# Rohloff leaked out all oil onto floor after oil change



## Mark_BC (Sep 19, 2012)

:madmax:So I just did my first oil change on the Rohloff and followed their instructions exactly. I was questioning in my mind the wisdom of squirting oil in and sucking it out without venting the pressure inside the hub from another location, wondering what it was going to do to the seals. Oh well, Rohloff knows best... they never mentioned anything about this in the instructions. I just did it slowly and carefully and tried to allow it to equilibriate every few seconds.

I finished it and leaned my wheel up against the wall about 20 degrees off vertical. A couple minutes later I go to move it and the whole thing drained on the floor, out the seal on the chainring side!:madmax::madmax::eekster::eekster:

So now do I blow another $40 on another set of oil? Won't it happen again??!?!?!?:madman::madman:


----------



## Mark_BC (Sep 19, 2012)

I should say that the sprocket was not in when this happened. Also, the oil coming out seems to have flushed the grease out from around the bearings, I can see them in there all grease-less. What type of grease do I put around the sprocket when I put it back in?


----------



## bikeabuser (Aug 12, 2012)

Don't know a thing about this hub, but give it time, someone will probably provide some support.


----------



## 2xPneu (Jan 26, 2004)

The seal actually seals around the lip on the cog which is why it leaked out and why you can see the bearings. The bearings are lubricated by the hub oil. Put the cog back on and fill it up and ride away.

Why did you take the cog off when you changed the oil?


----------



## itsdoable (Jan 6, 2004)

There is probably still enough oil in the hub, about 1/2 the oil remains coating the components after you drain the hub. I typically only put half the recommended amount as the excess eventually leaks out anyways. I've had it leak out in the car when the wheel was layed down. Messy...

There is a serpintine path through the axle to relieve pressure. It's also the source of oil weeping.


----------



## vikb (Sep 7, 2008)

itsdoable said:


> There is probably still enough oil in the hub, about 1/2 the oil remains coating the components after you drain the hub. I typically only put half the recommended amount as the excess eventually leaks out anyways. I've had it leak out in the car when the wheel was layed down. Messy...
> 
> There is a serpintine path through the axle to relieve pressure. It's also the source of oil weeping.
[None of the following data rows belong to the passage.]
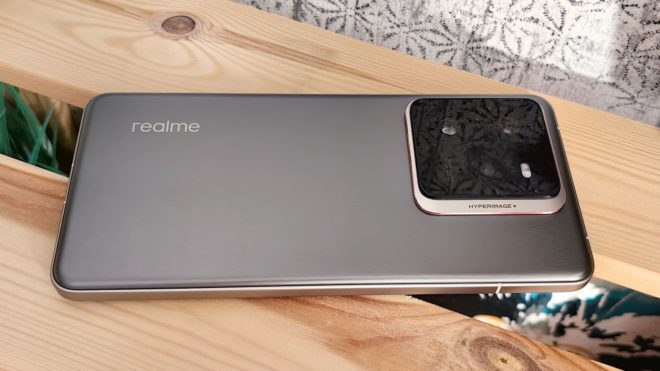 realme GT 7 Pro realme GT 7 Pro
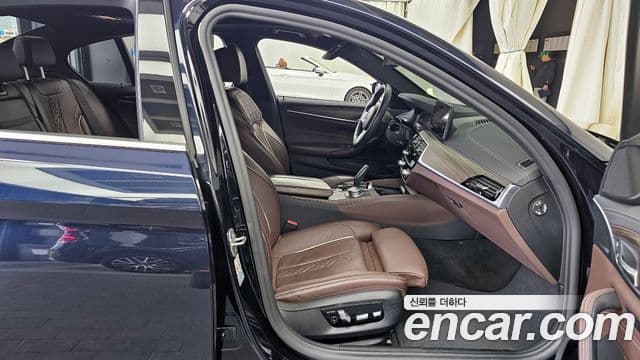 BMW 5 Series 2021 — фото 11 из 20
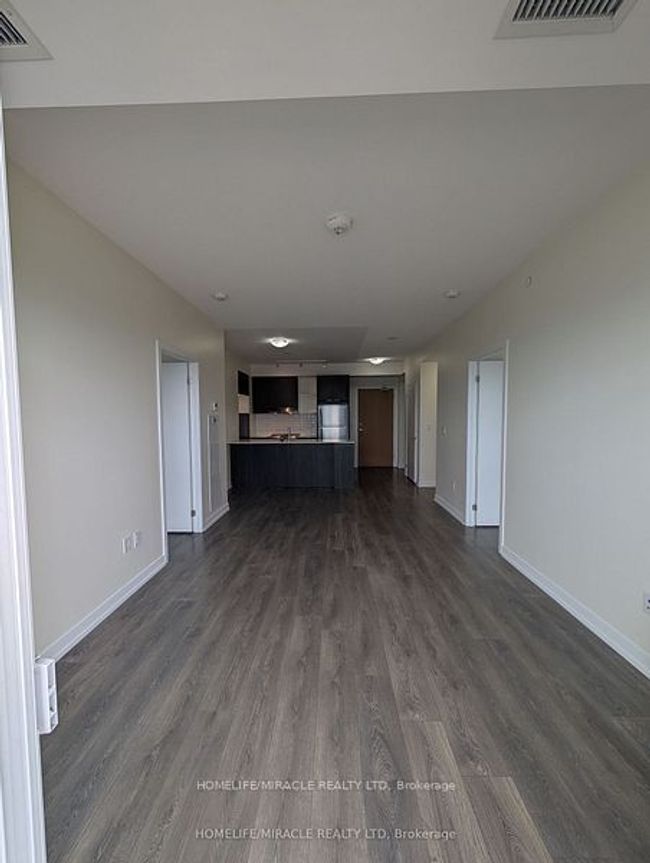 1611 - 2520 Eglinton Ave W, Condo with 3 bedrooms, 2 bathrooms and 1 parking in Mississauga ON | Image 7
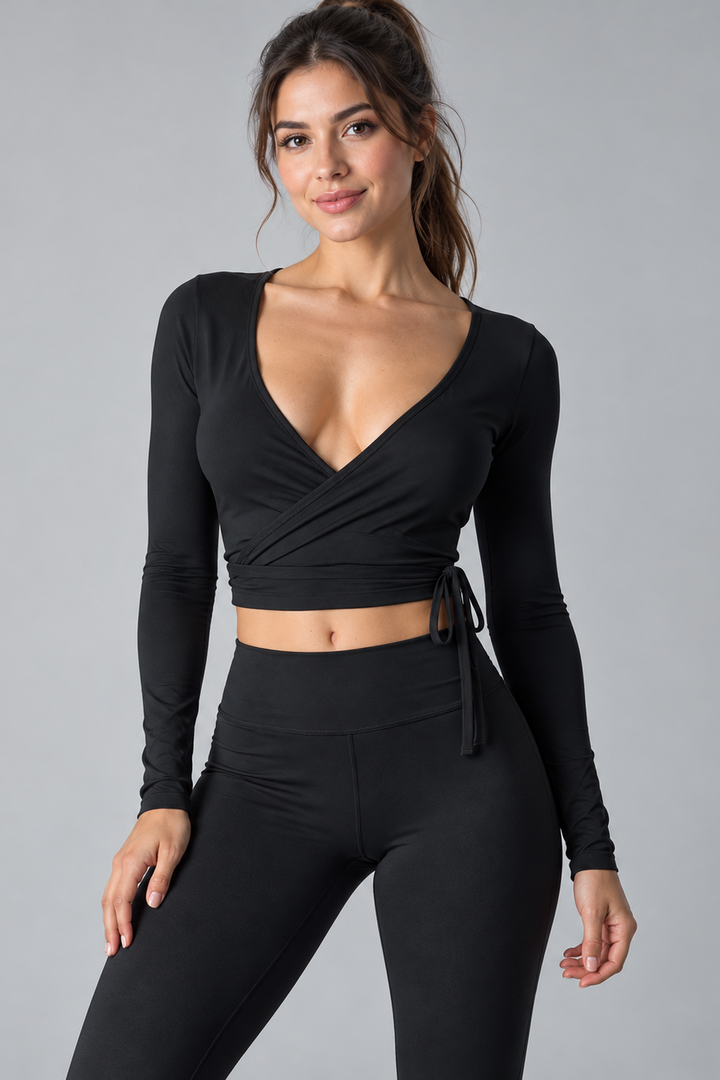 Sort Nora wrapbluse fra Sassy Copenhagen på sporty kvinde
+1 - you can just run the hub and if you feel any concern do your next oil change early.

A friend had a Rohloff bike built up by a LBS. They forgot to put any oil in it. She ran it that way for a good long while until the mistake was noted. Rohloff got involved and indicated that limited amount of lube in the hub when it is assembled was enough to avoid any damage. Although an oil change and proper lubrication for her hub was advised going forward.


----------